In her sentencing, Judge Lomp took into consideration the family background of the terrorist and the fact that it was "his first blunder," as she defined it, which drew harsh reactions. The terrorist also claimed that the remand was difficult for him. He did not express remorse for his acts, and he also changed his testimony regarding the attack.
Honenu Attorney Chayim Bleicher, who is representing the victims, sharply criticized the penalization: "The terrorist left his home aware that he was going to be a shahid. He was willing to die in order to murder a Jew. How can one consider that in six years he will be released? This is a prolonged failure that began when the office of the Jerusalem District Attorney did not indict the terrorist for attempted murder and continued with penalization that does not reflect the severity of the attack. We expect the office of the Jerusalem District Attorney to demand a significantly stiffer penalty."
Approximately 18 months ago, Ali Ajalin, then a 22-year-old Anata resident, left his home with a kitchen knife with a 12 cm. blade and looked for a Jewish victim in the area of Sha'ar Shechem (Damascus Gate). He identified two Jews with a Hareidi appearance walking from Sha'ar Shechem toward Shivtei Yisrael Street. The terrorist followed them until they reached HaNevi'im Street, where he drew his knife and attempted to stab one of them in the back. The terrorist tripped and the knife fell from his hand, which enabled the victims to escape.

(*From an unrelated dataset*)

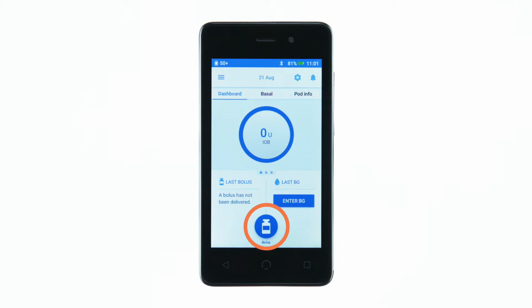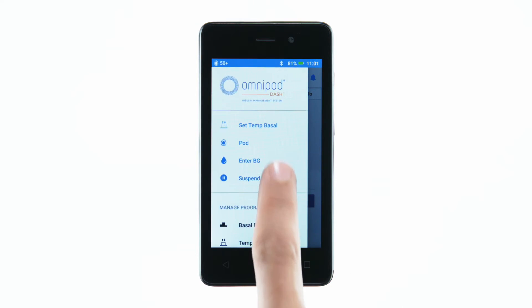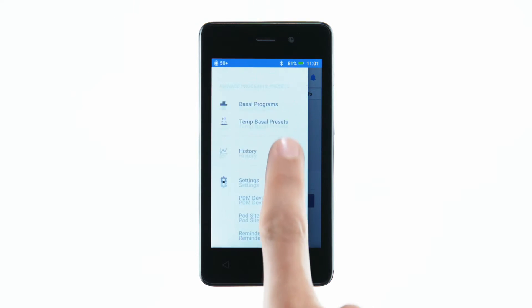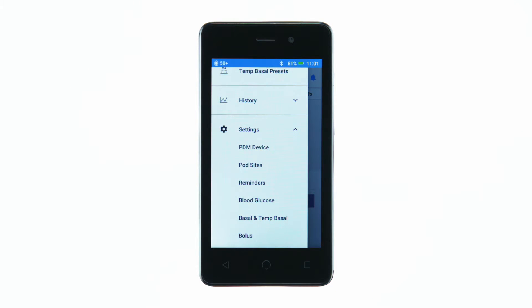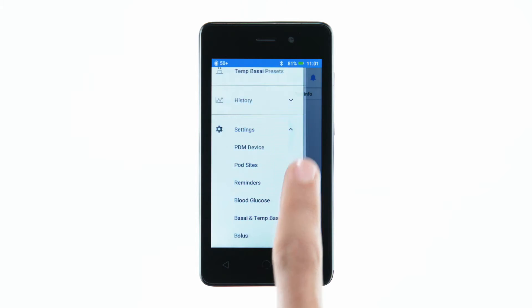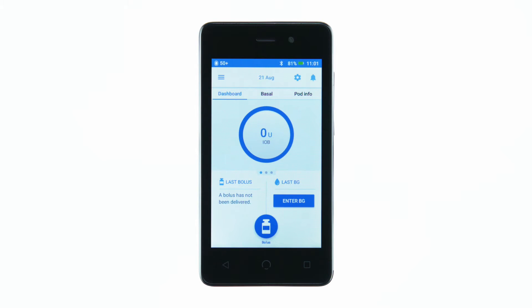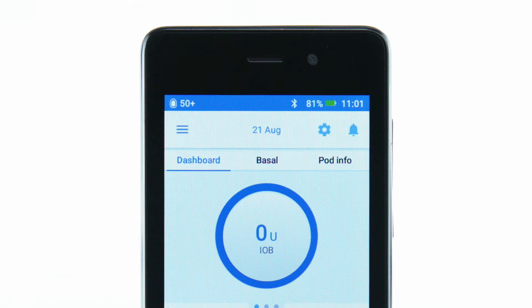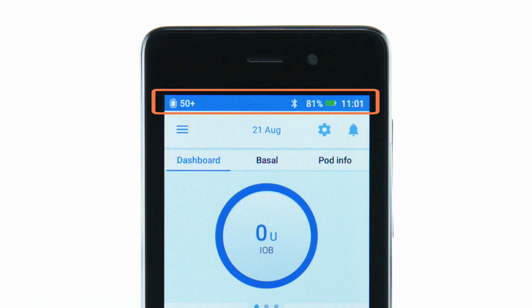Accessible from any home screen view is the bolus button at the bottom of the screen. To access more settings, tap the menu icon on the upper left side of the screen. The status bar at the top of the screen will display information about the volume of insulin in your pod, as well as your PDM's battery charge.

The terrorist fled the scene and was apprehended a short time later by the police.
Summary of the letter that Honenu Attorney Chayim Bleicher wrote to the office of the Jerusalem District Attorney asking them to appeal the lenient sentence:
The terrorist planned the attack, equipped himself with a knife, and arrived at the site. In our opinion, in relation to the circumstances of the incident and the facts written in the indictment, the sentence is lenient and causes severe damage to deterrence and to the war on terror. The circumstances point to a planned terror attack in every way. From the start, the terrorist should have been indicted for and convicted of attempted murder. The actions of the terrorist clearly indicate an intent to murder. The terrorist himself risked being immediately killed. His desire was to slaughter his victims and kill as many as possible. The grounds for the leniency of the conviction and the sentencing were the means that he used: the blade of the knife did not have a sharp enough tip to penetrate deeply when thrust into a victim. If the terrorist had slashed the victim with the knife, the results could have been lethal. In any event, the terrorist's intent was clearly to kill.
All of the characteristics of a terror attack were present. Therefore it is not clear why the sentencing does not reflect that and why the terrorist was penalized as if he had spontaneously carried out an act of terror with non-lethal means. The attack, as all attacks of this type do, caused great damage to the security of the public, who fear for their lives as they walk through the streets of the capital of Israel. The attack also caused great damage to the victims, one of whom was severely emotionally injured, and the injury has had extremely serious effects on his life and the life of his family.
At times, in order to determine the extent of the failure of a sentencing, one must look beyond the standard legal framework and see the situation as an average citizen would. How does an average citizen react upon hearing, to their horror, that a terrorist who carried out a stabbing attack is going to be released after only eight years? The discrepancy between the results of the sentencing and a reasonable perception necessitates careful examination as to whether or not the results are genuinely correct also from a judicial perspective. In this case, the results are far from correct. In light of the severity of the incident and the public and security aspects, I ask that his Honor immediately announce that the office of the Jerusalem District Attorney has appealed the leniency of the sentencing.